A sua perspectiva, como era a das bem-intencionadas Folkways, Nonesuch Explorer Series ou Chant du Monde, combina a diletante inclinação para o exótico do viajante com a propensão para o trabalho exaustivo do arquivista. E é inédito o propósito de preservar a diversidade num conjunto de manifestações artísticas muitas vezes contraditórias entre si e, regra geral, resultantes de embates estéticos com o Ocidente. Porque, sem condescendência moral, não hierarquiza a produção com que se cruza. Valida compilações como “Ethnic Minority Music of Northeast Cambodia” e antologias de características imprevisíveis como “Princess Nicotine: Folk and Pop Music of Myanmar (Burma)”. Pelo caminho, revela o que mais ninguém tem registado de forma abrangente e sistemática: a pop urbana do Iraque, da Birmânia, da Indonésia ou da Tailândia. A consequência da sua audição é devastadora e obriga a uma instantânea relativização da imagem tradicional de cada país. E não será por acaso que se sucederam volumes consagrados à Coreia do Norte, Iraque ou Síria no preciso momento em que o valor do ‘mal’ impregnava discursos políticos. Contrariar a engenharia social levada a cabo por governos e grupos de pressão evidencia ainda uma herética dimensão eminentemente biográfica: Alan e Richard são de origem libanesa e, durante mais de duas décadas, formaram, com o já falecido Charles Gocher, os Sun City Girls, banda capaz de reunir resíduos musicais de todo o Mundo numa actuação, num disco, num tema. Para alguns, a Sublime Frequencies servirá para revelar a fundação de um grupo que parecia saber tudo aquilo que aos seus fãs era interdito.
Seria uma questão de tempo até que a contemporaneidade se impusesse na agenda da editora. Fiel aos seus princípios, chega graças à descoberta de nomes tão fascinantes e enigmáticos quanto os que nesta sua digressão traz a Lisboa.
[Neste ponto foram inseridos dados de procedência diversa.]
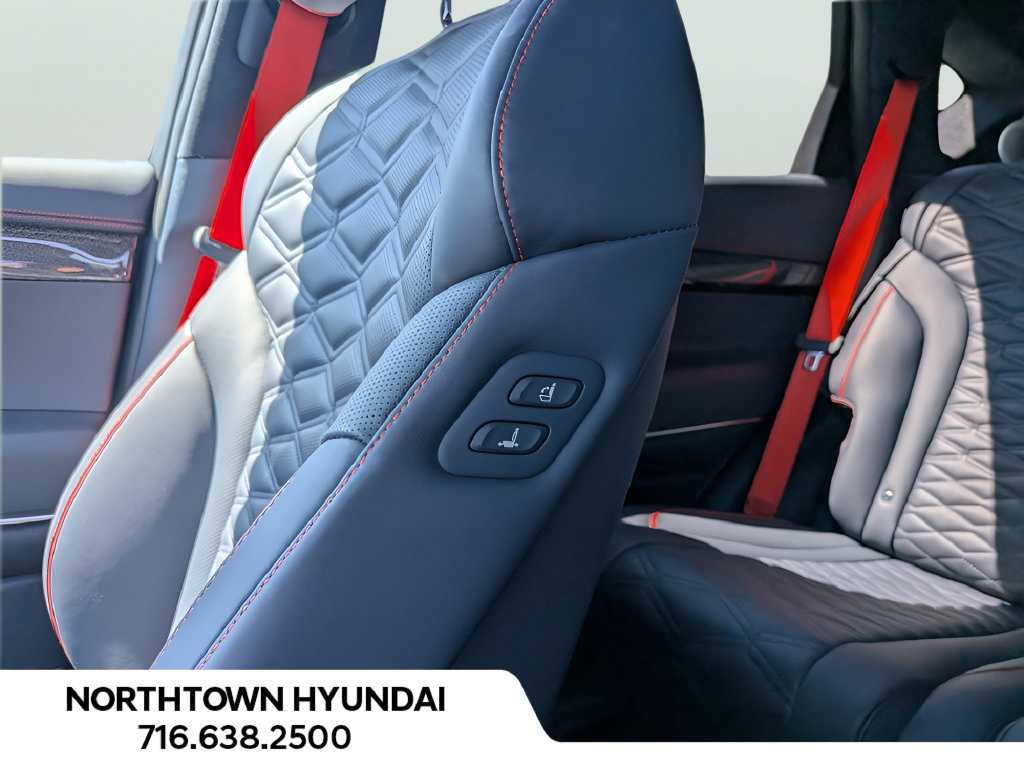 Used 2025 Genesis GV80 3.5T e-SC AWD/4WD image 13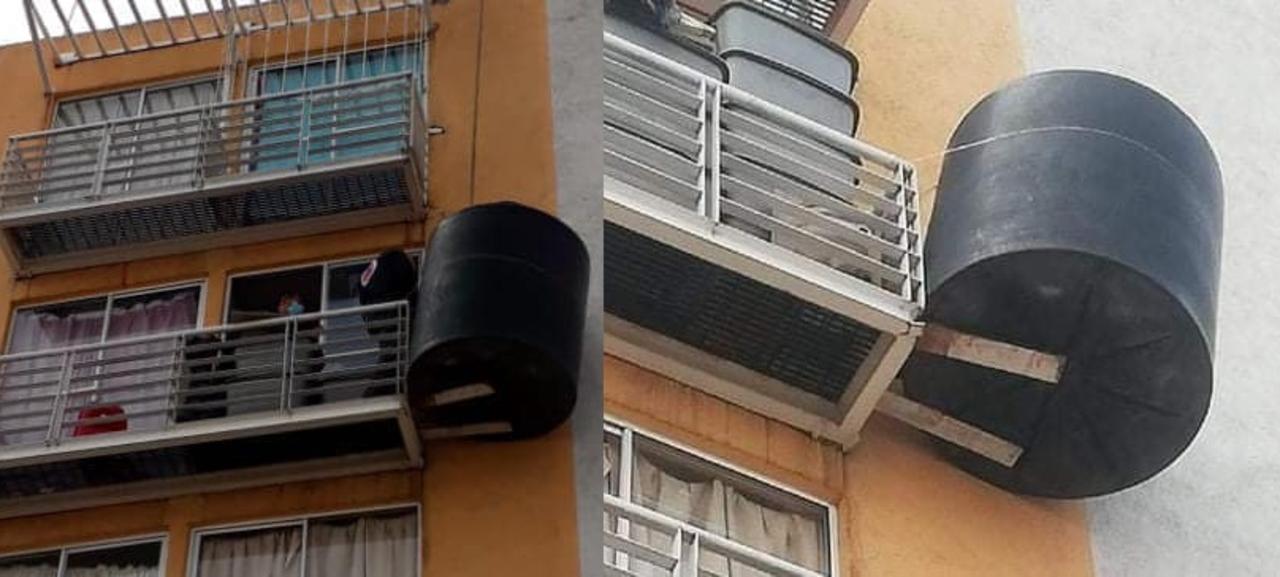A través de redes sociales, vecinos de la alcaldía de Iztacalco denunciaron un tinaco que colgaba del balcón del quinto piso de un edificio departamental, imágenes que se volvieron virales (CAPTURA)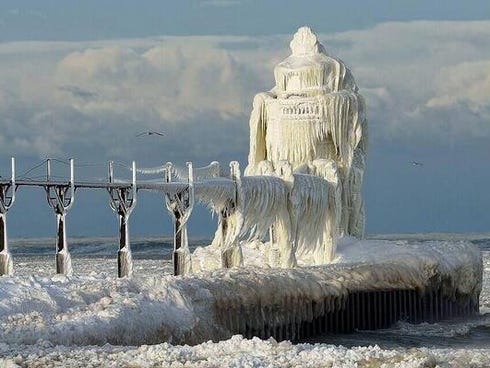 Images of the St. Joseph Lighthouse in St. Joseph, Mich., have gone viral in the wake of the polar vortex.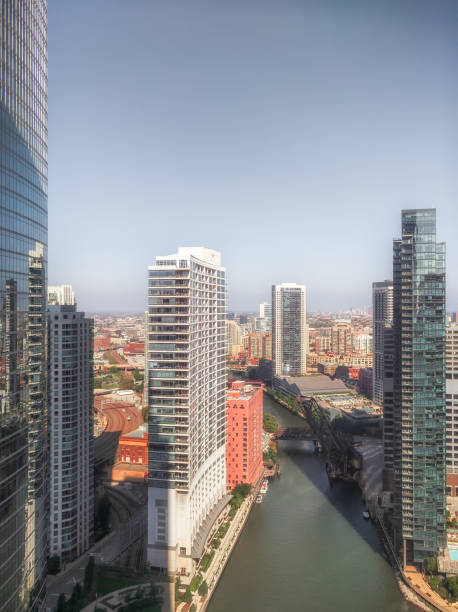 rama norte del río chicago. perspectiva aérea del punto del lobo. chicago, estados unidos. paisaje urbano. - kinzie street railroad bridge fotografías e imágenes de stock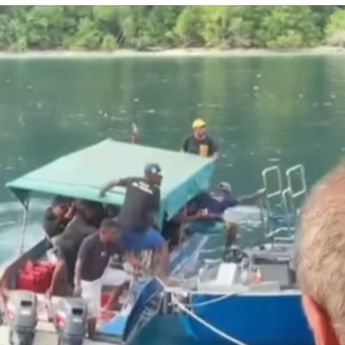 Viral Masyarakat Adat Pulau Wayag Diduga Usir Wisatawan dari Raja Ampat Gegara Izin IUP Dicabut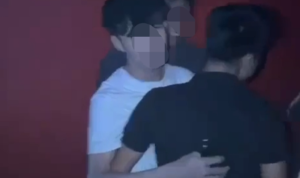 Video Dugaan Pesta Sesama Jenis di Tempat Hiburan Malam di Karawang Viral, Satpol PP Panggil Pengelola Video Dugaan Pesta Sesama Jenis di Tempat Hiburan Malam di Karawang Viral, Satpol PP Panggil Pengelola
O Group Doueh, proveniente do Sahara ocidental, evoca o funk e o rock psicadélico mas com instrumentos cheios de areia e história, crus, secos e fossilizados, sacudidos pelas vozes e pela guitarra num arremesso sensual que sintetiza devoção e irredutível independência desde a costa da Mauritânia até aos ecos de Hendrix pelas margens do Mississippi. Omar Souleyman é sírio e propõe algo de radicalmente diferente: entre percussionistas proto-Miami bass e um teclista a lembrar um Tomita-sob-ácidos, canta e fala em vertigem sobre um fundo sonoro pimbadélia-em-esteróides que faria os sonhos arábicos de Kanye West. A música do Mundo não fica mais estranha e real do que isto.